O Tribunal de Vila Real condenou hoje uma professora universitária a cinco anos de prisão, com pena suspensa, pelos crimes de maus tratos a três filhas adotivas.

A professora foi ainda condenada indemnizar as raparigas em 30 mil euros, valor que deve ser pago durante cinco anos.

Este processo foi extraído de um outro que envolveu o marido da arguida, um empreiteiro de 50 anos que foi condenado, em maio, a 16 anos e seis meses de prisão pelos crimes de abuso sexual agravado e de maus tratos a três filhas adotivas e que, na altura dos factos, eram todas menores de idade.

O coletivo de juízes do Tribunal de Vila Real condenou hoje a mulher pelos crimes de maus tratos, mas não deu como provado que ela tivesse conhecimento dos abusos sexuais que foram perpetrados pelo pai adotivo. Uma situação que o coletivo considerou ser “um mistério” perante “todos os sinais”.

A professora, que leciona na Universidade de Trás-os-Montes e Alto Douro, foi condenada por maus tratos às três filhas adotivas, sendo que a vítima com maior gravidade foi a menina mais nova que acabou por denunciar os abusos sexuais.

Para além de maus tratos físicos (ficando provado que bateu com um cinto numa das meninas), a juíza-presidente do coletivo destacou as mensagens por telefone, 'e-mail' e bilhetes da arguida para a filha mais nova, após a denúncia do caso em 2016, considerando que foram “humilhantes” e que visavam “pressionar” a menina.

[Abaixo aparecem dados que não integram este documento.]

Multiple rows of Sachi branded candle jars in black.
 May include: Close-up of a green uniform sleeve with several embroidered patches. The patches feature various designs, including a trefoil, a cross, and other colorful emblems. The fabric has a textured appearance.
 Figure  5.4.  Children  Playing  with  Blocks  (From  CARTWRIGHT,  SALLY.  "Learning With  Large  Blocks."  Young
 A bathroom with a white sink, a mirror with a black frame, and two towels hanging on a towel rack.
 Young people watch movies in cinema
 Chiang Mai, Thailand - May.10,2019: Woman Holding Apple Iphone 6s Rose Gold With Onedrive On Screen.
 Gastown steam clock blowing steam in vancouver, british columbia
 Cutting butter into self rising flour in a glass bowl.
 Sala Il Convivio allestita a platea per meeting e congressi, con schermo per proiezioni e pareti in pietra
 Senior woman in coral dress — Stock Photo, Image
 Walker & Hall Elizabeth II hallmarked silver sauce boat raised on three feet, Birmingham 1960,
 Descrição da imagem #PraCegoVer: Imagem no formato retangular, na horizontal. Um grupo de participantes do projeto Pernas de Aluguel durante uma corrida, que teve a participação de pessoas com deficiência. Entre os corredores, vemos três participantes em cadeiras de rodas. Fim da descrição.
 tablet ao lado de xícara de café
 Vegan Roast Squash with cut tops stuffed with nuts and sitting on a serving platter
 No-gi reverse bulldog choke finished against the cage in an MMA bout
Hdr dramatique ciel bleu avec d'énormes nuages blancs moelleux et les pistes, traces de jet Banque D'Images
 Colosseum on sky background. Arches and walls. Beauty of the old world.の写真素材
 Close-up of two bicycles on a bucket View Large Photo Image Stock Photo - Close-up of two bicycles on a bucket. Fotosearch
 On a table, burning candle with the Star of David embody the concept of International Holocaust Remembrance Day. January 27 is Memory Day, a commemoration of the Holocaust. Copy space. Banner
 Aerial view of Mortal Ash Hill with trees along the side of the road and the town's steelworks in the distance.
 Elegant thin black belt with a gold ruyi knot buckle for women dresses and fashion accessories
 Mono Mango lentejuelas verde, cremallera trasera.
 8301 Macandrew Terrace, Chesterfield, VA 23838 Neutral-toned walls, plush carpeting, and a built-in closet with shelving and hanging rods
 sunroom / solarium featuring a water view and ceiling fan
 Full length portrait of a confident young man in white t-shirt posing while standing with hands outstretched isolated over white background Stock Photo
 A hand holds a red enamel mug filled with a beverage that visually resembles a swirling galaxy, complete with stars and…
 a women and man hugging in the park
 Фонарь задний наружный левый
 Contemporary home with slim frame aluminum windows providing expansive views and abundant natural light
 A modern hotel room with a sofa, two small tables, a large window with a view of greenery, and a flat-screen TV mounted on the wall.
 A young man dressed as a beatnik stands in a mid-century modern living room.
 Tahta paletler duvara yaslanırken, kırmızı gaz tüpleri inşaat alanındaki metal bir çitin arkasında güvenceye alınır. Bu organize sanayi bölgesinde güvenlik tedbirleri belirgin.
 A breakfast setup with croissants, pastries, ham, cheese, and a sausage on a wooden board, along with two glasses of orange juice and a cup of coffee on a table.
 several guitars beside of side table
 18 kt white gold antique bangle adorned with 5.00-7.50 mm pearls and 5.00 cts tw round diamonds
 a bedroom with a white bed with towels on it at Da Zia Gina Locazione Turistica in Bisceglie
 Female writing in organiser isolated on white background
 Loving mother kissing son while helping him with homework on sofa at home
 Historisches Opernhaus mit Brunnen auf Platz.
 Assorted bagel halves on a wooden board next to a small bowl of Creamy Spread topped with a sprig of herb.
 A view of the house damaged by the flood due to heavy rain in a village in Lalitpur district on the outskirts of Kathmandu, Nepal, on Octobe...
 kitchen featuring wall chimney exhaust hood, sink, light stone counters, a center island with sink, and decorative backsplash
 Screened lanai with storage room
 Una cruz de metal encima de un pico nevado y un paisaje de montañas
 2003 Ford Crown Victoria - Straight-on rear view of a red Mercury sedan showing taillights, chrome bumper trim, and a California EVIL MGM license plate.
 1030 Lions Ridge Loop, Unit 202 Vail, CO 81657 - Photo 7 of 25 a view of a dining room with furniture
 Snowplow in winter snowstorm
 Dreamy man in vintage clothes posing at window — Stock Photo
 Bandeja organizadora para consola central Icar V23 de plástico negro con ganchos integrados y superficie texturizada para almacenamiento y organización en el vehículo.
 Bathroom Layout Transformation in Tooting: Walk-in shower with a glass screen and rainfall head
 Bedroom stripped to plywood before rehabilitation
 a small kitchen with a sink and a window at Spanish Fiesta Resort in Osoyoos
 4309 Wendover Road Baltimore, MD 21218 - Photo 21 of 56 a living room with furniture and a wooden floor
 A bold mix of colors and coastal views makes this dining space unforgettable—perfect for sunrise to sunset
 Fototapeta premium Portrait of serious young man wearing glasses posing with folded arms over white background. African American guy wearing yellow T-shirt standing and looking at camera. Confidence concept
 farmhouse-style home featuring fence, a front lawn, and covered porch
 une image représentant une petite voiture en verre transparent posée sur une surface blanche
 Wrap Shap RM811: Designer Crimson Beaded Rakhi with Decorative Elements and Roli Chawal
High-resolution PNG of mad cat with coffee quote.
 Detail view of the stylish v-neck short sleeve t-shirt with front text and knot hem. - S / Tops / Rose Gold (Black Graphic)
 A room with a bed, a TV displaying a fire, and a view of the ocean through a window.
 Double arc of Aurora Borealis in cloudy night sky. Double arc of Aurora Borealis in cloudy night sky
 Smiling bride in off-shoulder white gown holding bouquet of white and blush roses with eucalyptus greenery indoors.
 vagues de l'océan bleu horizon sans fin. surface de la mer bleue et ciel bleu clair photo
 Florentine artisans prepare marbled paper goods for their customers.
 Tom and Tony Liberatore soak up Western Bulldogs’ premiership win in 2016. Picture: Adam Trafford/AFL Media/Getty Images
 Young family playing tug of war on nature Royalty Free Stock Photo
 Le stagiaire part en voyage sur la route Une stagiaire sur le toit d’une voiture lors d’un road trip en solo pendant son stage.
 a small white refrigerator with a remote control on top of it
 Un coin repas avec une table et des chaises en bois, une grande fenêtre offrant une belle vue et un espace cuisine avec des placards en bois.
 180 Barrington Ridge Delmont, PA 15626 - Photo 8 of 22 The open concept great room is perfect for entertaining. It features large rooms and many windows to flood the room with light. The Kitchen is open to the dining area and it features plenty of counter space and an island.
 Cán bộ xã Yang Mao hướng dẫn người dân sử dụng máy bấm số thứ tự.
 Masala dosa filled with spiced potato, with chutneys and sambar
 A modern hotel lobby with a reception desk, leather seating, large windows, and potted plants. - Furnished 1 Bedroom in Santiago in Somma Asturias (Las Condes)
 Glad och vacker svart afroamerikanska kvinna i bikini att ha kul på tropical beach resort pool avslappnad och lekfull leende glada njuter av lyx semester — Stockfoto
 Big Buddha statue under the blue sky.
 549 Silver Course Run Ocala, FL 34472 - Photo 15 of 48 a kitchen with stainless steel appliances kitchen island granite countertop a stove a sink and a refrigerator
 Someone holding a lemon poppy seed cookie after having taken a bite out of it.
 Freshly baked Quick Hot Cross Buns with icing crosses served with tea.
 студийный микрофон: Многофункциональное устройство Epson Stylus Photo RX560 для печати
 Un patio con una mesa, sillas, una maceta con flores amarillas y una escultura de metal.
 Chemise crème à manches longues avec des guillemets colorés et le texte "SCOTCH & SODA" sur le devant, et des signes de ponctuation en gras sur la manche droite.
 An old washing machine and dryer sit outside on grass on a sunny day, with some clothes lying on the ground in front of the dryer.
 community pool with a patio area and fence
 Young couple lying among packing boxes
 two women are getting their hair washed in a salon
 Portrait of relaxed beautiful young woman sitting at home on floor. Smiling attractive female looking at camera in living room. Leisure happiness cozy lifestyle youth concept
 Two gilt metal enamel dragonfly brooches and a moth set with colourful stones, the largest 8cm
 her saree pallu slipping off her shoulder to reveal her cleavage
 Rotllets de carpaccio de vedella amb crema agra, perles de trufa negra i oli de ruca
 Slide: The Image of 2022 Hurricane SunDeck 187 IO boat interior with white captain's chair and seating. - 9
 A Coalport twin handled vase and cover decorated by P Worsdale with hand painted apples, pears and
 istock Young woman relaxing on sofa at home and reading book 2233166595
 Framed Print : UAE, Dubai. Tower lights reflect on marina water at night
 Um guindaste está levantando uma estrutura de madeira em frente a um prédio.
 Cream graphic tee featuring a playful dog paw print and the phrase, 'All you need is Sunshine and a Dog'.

A juíza reconheceu ter ficado “com os pelos eriçados”, “triste” e “até com lágrimas nos olhos” depois de ler o conteúdo das conversas entre a mãe adotiva e a filha e destacou a triste história de vida das meninas, que foram abandonadas pela família biológica, institucionalizadas e depois pensavam ter encontrado uma “família feliz” em Vila Real.

Disse ainda ter a convicção de que a professora universitária não queria que a menina dissesse a verdade e que tomou o partido do marido, metendo-se numa “cápsula”, numa “redoma” e “colocando os óculos cor-de-rosa”.

O advogado de defesa da arguida, Manuel Mendes, afirmou aos jornalistas que vai analisar o acórdão, mas adiantou que “o recurso será quase inevitável”.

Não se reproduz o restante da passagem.